*** Material provided Section Begins ***

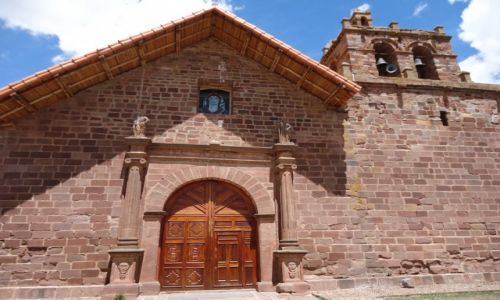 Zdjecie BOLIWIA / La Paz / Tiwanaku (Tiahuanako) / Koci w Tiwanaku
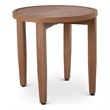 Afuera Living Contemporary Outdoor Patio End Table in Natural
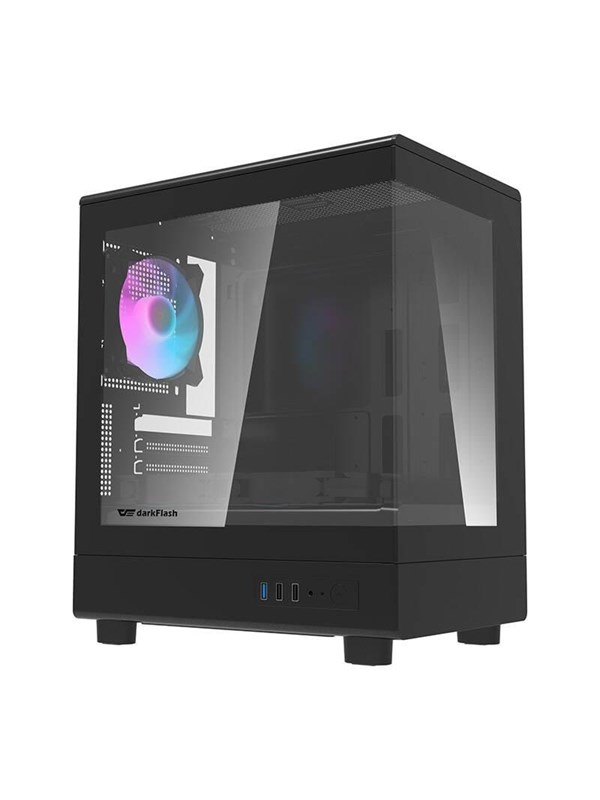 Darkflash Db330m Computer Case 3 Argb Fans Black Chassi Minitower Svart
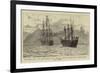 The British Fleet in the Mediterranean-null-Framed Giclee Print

*** Material provided Section Ends ***
*** Material provided Section Begins ***

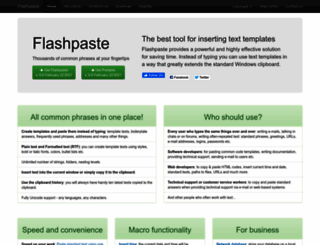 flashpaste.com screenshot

*** Material provided Section Ends ***

Skip every picture, and restate word for word only the lines above from the line containing "Zdjecie BOLIWIA /" to the line containing "The British Fleet", both of them included.

 Zdjecie BOLIWIA / La Paz / Tiwanaku (Tiahuanako) / Koci w Tiwanaku
 Afuera Living Contemporary Outdoor Patio End Table in Natural
 Darkflash Db330m Computer Case 3 Argb Fans Black Chassi Minitower Svart
 The British Fleet in the Mediterranean-null-Framed Giclee Print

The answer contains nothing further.